Cinema Fearité presents 'The Fog.'
John Carpenter followed up 'Halloween' with his campfire ghost story 'The Fog'
In 1978, visionary filmmaker John Carpenter single-handedly changed the landscape of the horror genre and ushered in the golden age of the slasher with Halloween. So, how did the Master of Horror follow up one of the most influential movies ever made? With the creepy campfire ghost story The Fog.
The Fog takes place in a town called Antonio Bay that is about to celebrate its 100th anniversary. As the town gets ready for its big centennial, the citizens begin to notice strange things happening between midnight and 1:00am. At first, its harmless stuff like windows breaking and car alarms going off, but when a fishing boat fails to return after a nighttime excursion, a local named Nick Castle (Tom Atkins from Night of the Creeps and The Ninth Configuration) goes looking for it. He finds it, but the crew is dead, seemingly drowned, but without ever landing in the water.
Meanwhile, a priest named Father Malone (Creepshow’s Hal Holbrook) finds an old diary buried within his church that recounts the sinking of a ship full of lepers off the coast of Antonio Bay. When a radio DJ named Stevie Wayne (Adrienne Barbeau from Swamp Thing), who happens to also own the town’s lighthouse, notices a strange glowing fog coming ashore and moving in specific directions, the town starts to wonder if maybe the undead passengers of the leper ship have come with the spectral fog, seeking revenge on the sleepy little town just in time for its anniversary party.
In reality, The Fog isn’t John Carpenter’s true follow-up to Halloween. The auteur director also made a pair of TV movies, the 1978 suspense thriller Someone’s Watching Me! and the 1979 music biopic Elvis, before pushing The Fog to the big screen in 1980. For The Fog, Carpenter brought back Halloween co-writer/producer Debra Hill (who would also help write Halloween II and Escape from L.A.) to craft an epically spooky, legend-inspired ghost story that both played upon older ideas while forging new ground.
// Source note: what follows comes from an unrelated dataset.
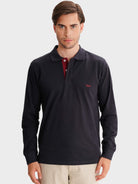 POLO AZUL MANGA COMPRIDA REGULAR FIT MR. BLUE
The Fog is a fresh take on the classic yarn-spinning campfire tale.
To bring his ghastly vision to life, John Carpenter enlisted the help of a veritable who’s-who of the early eighties horror scene. In addition to Barbeau, Atkins, and Holbrook, Carpenter recruited scream queen Jamie Lee Curtis who, in addition to starring in Halloween for Carpenter, also had featured roles in Terror Train and Prom Night (what a 1980 she had!). Joining Curtis in the film is her mother, Janet Leigh (the original scream queen from Psycho), and her fellow Halloween pal, Nancy Loomis (another one of Carpenter’s favorites). Sharp-eyed fans will recognize John Houseman (Rollerball) as a ghost story-spinning sea captain and Darwin Joston (Eraserhead) as the town coroner (hilariously named Dr. Phibes). As if that wasn’t enough, The Fog includes cameos by not only Carpenter and Hill, but also production designer Tommy Lee Wallace (as one of the ghosts!) and effects makeup legend Rob Bottin (The Thing). Hell, even cinematographer Dean Cundey’s kid found his way into the picture.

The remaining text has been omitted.